Reinforcement learning glossary — terms, definitions, and chapter links

Use this glossary when you encounter an unfamiliar term. Each entry gives a one-line definition, the curriculum chapter where it first appears, and a concrete example. Terms are listed alphabetically.

A

Action (a) One choice the agent makes at a given time step. Actions come from a set called the action space. Introduced: Chapter 1. Example: In a gridworld, actions are {up, down, left, right}.

Action space The complete set of actions available to the agent. Can be discrete (finite actions) or continuous (e.g. a steering angle between −30° and +30°). Introduced: Chapter 3.

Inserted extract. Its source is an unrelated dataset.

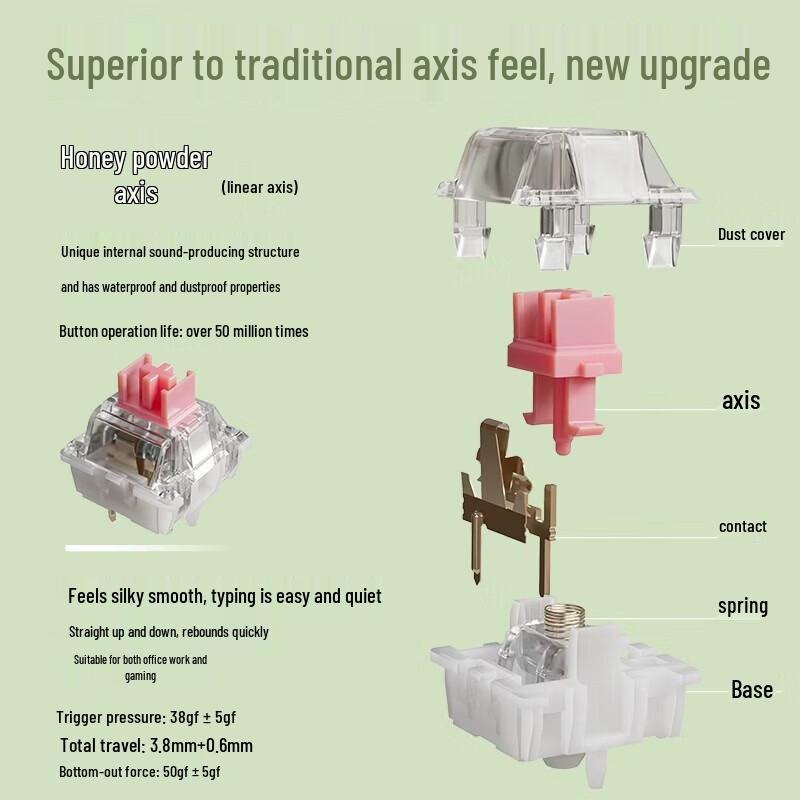 EWEADN V20 Steampunk 104-Key Mechanical Keyboard & Mouse Set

Actor-critic A class of algorithms that maintain both a policy (actor) and a value function (critic). The critic evaluates the actor’s actions; the actor updates its policy using the critic’s signal. Introduced: Chapter 35.

Advantage function A(s,a) The difference between the Q-function and the value function: A(s,a) = Q(s,a) − V(s). Measures how much better action a is compared to the average action in state s. Introduced: Chapter 35. Example: If V(s)=0.5 and Q(s,left)=0.8, then A(s,left)=0.3.

Agent The learner that interacts with the environment. The agent observes states, chooses actions, and receives rewards. Introduced: Chapter 1.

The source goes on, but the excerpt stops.